__Data under study__
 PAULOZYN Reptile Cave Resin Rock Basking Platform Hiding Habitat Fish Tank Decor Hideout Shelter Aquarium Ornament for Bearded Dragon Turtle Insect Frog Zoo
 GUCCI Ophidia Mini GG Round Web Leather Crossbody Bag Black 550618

...

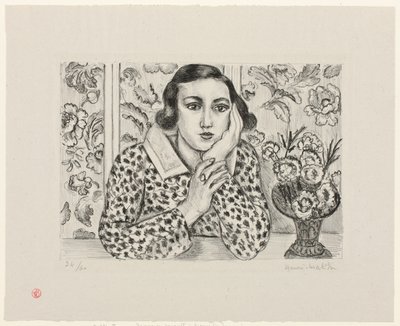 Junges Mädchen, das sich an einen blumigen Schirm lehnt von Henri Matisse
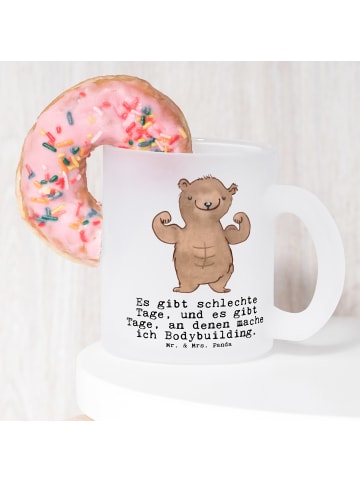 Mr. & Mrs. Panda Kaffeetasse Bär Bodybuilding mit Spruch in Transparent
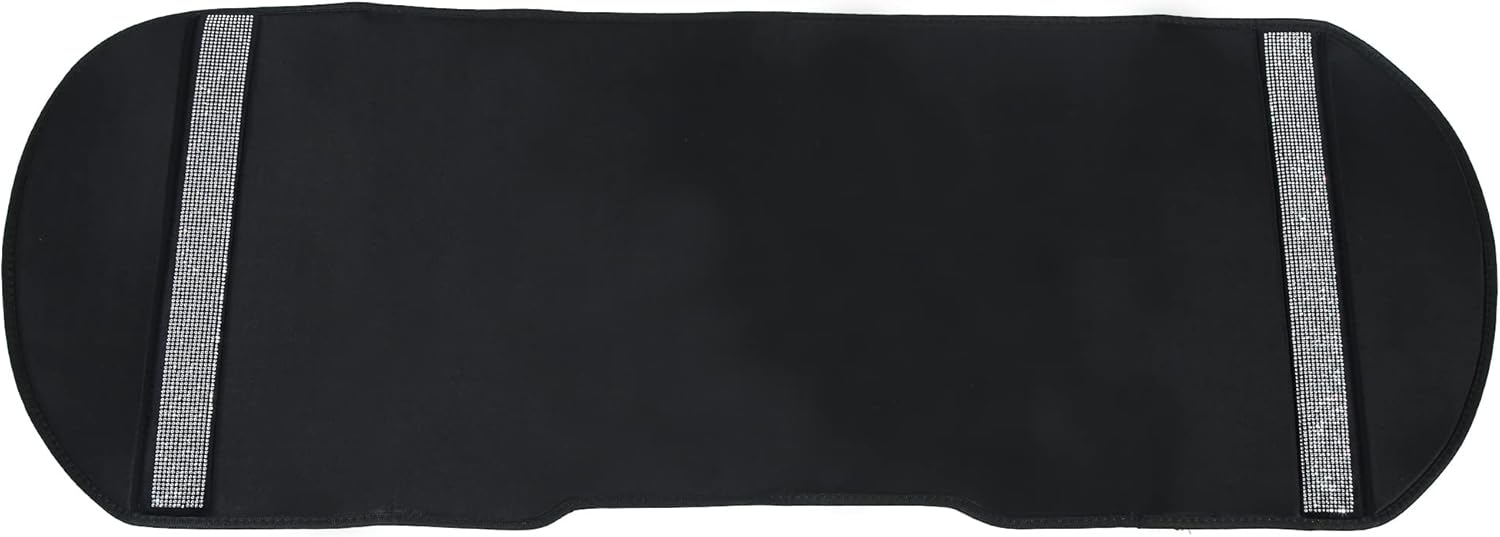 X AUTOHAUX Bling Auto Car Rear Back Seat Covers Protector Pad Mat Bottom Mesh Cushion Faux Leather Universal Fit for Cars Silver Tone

__What this task involves__
Which lines run from the one holding "PAULOZYN Reptile Cave" through the one holding "GUCCI Ophidia Mini" in the records above? Repeat them exactly, both included, and nothing more.

__Task answer__
 PAULOZYN Reptile Cave Resin Rock Basking Platform Hiding Habitat Fish Tank Decor Hideout Shelter Aquarium Ornament for Bearded Dragon Turtle Insect Frog Zoo
 GUCCI Ophidia Mini GG Round Web Leather Crossbody Bag Black 550618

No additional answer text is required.